For a minute, assume the role of a senior executive who has just been handed a business scorecard containing performance numbers in five critical business areas. After looking at the numbers below, would the data make you cringe?

70% of users are dissatisfied with the process.
50% of customers regret their buying decision.
46% turnover among new buyers.
46% failure rate of process output selections.
A mere 19% are unequivocal successes (less than 1:5).

It’s Time to Face the Numbers and Facts…

70% dissatisfied — 70% of the external customers (applicants) and 28% of the internal customers (hiring managers) indicate they are dissatisfied with the hiring process. (Source: Recruiter.com)

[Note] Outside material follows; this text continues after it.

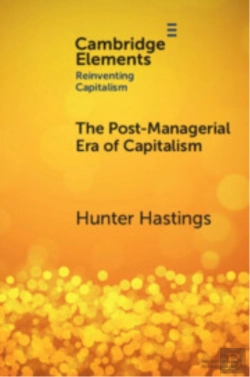 Bertrand.pt - The Post-Managerial Era Of Capitalism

50% customer regret — 50% of the processes users (both managers and new hires) later regret their “buying” decision (Source: The Recruiting Roundtable). In addition, 25% of new hires later regret taking their new job within one year (Source: Challenger, Gray)

46% turnover — 46% of new hires leave their jobs within the first year (Source: eBullpen, LLC) and 50% of current employees are actively seeking or are planning to seek a new job (Source: Deloitte).

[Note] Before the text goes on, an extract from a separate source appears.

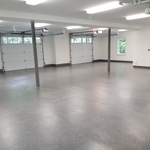 1700 sq ft garage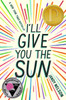 I'll Give You the Sun:  - ISBN: 9780803734968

Some additional data points to consider include:

6% regret hiring decisions — Nearly two-thirds of hiring managers come to regret their interview-based hiring decisions (Source: DDI)

50% new executive turnover — nearly half of new executive hires quit or are fired within the first 18 months at a new employer (Source: Corporate Leadership Council).

Newly promoted executives don’t do much better (40% of newly promoted managers and executives fail within 18 months of starting a new job (Source: Manchester, Inc).

Bottom performers produce less — hiring and retaining below or even average performers have real opportunity costs because top performers can increase productivity, revenue, and profit by between 40% and 67% over average performers (Source: McKinsey & Co.).

Your organization doesn’t have to be another statistic.

You can gain a competitive advantage and cut down on bad hires. By making sure you have the right people in the right roles with the right personal skills to execute the organization’s strategy.

By assessing candidates and jobs; we then match candidates who best fit the needs of the ‘job’ and the ‘culture’ of the organization. When this alignment occurs, both the employee and the organization benefit through an enjoyable, productive work environment. When we hire only for skills, we end up firing for attitudes.